Le délai de 12 mois est porté à 5 ans pour les livrets d'épargne, les comptes à terme et les comptes-titres.

En amont, les banques sont soumises à une obligation de procédure en matière de gestion des comptes inactifs :

  • s'assurer que les titulaires sont vivants en vérifiant notamment le répertoire national d'identification des personnes physiques (RNIPP) qui permet de préciser si une personne est en vie ou décédée
  • informer les titulaires ou leurs représentants légaux ou ayants droits de l’état d’inactivité des comptes
  • transférer la gestion des comptes à la CD passé un certain délai (variable selon le type de produit et si le titulaire est décédé ou toujours vivant)
  • publier annuellement le nombre de comptes bancaires inactifs et le montant des encours détenus ou transférés à la CD.

La Caisse des Dépôts doit chaque année publier l'identité des titulaires des comptes transférés. Ces mesures s'appliquent à tous les comptes inactifs ouverts en France, également à ceux antérieurs au 1er janvier 2016.

En pratique, sans manifestation du titulaire encore vivant d'un compte bancaire, un produit d'épargne salariale (Plan Épargne Entreprise) ou un contrat d'assurance vie dans un délai de 10 ans, les sommes sont transférées à la CD. Il est alors possible de se faire restituer les fonds auprès de l'organisme via Ciclade. Sans demande de restitution, ils sont reversés à l’État qui les conserve de manière définitive après 30 ans d'inactivité des ayants droit. Si le titulaire est décédé, les fonds d'un compte bancaire ou d'un produit d'épargne salariale sont conservés par la banque durant 3 ans et non 10 avant d'être transférés à la CD où l'avoir peut être restitué via Ciclade jusqu'à la 30ème année qui suit le décès.
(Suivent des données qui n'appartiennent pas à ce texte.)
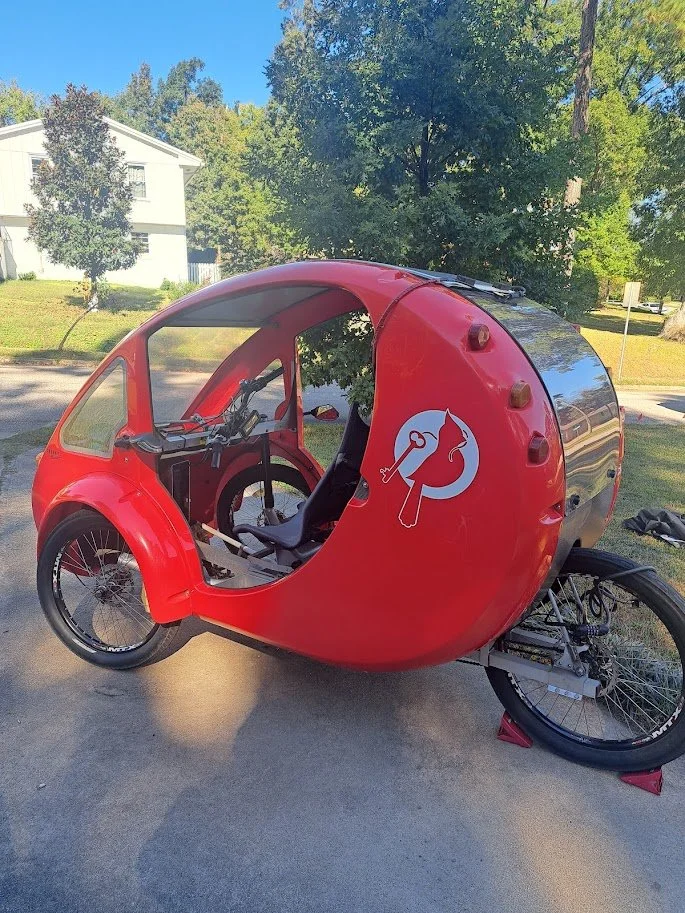 A red velomobile with a shell that has a logo of a dog with a wrench and a screwdriver, parked on a driveway with trees and a house in the background.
Ciclade, un service de restitution peu fonctionnel

Durant la première année d'exercice du dispositif, la Caisse des Dépôts a reçu des banques 3,7 milliards d'€ issus de quelque 6,5 millions de comptes en déshérence, un chiffre spectaculaire à mettre au crédit de ce nouveau cadre réglementaire. Près de 2 milliards d'€ provenaient de 5,5 millions de comptes bancaires inactifs, auxquels se sont ajoutés près d'un milliard issu de 400 000 produits d'épargne salariale non perçue et 843 millions d'€ de 550 000 contrats d'assurance vie. Fin 2018, la CD était assise sur 5,1 milliards d'€. Au total, selon le dernier rapport annuel de la Cour des Comptes, ce sont près de 11 milliards d'€ détenus par les banques et la CD (6,2 Mds€ pour les comptes bancaires et 4,7 Mds€ pour les assurances-vie) qui attendraient d'être réclamés par leurs bénéficiaires ! 

A ce jour, le dispositif Ciclade n'a permis de restituer que 143 millions d'€, soit 3% des sommes déposées à la CD. C'est peu dire si des progrès restent à faire pour lutter efficacement contre les fonds en déshérence. La Cour des Comptes identifie plusieurs problèmes auxquels sont confrontés les particuliers dans leur recherche via le site :

  • certains types d'avoirs ne peuvent être demandés que par voie postale
  • certains produits d'épargne salariale sont traités via un site internet distinct
  • les délais de traitement sont trop longs (6,4 mois en moyenne).

La Cour recommande d'optimiser les processus de traitement interne et réclame davantage de transparence de la part des banques et des assurances en "rendant obligatoire un rapport annuel des établissements à l'ACPR" et un élargissement de la définition des produits en déshérence, notamment aux contrats prévoyant une sortie en rente.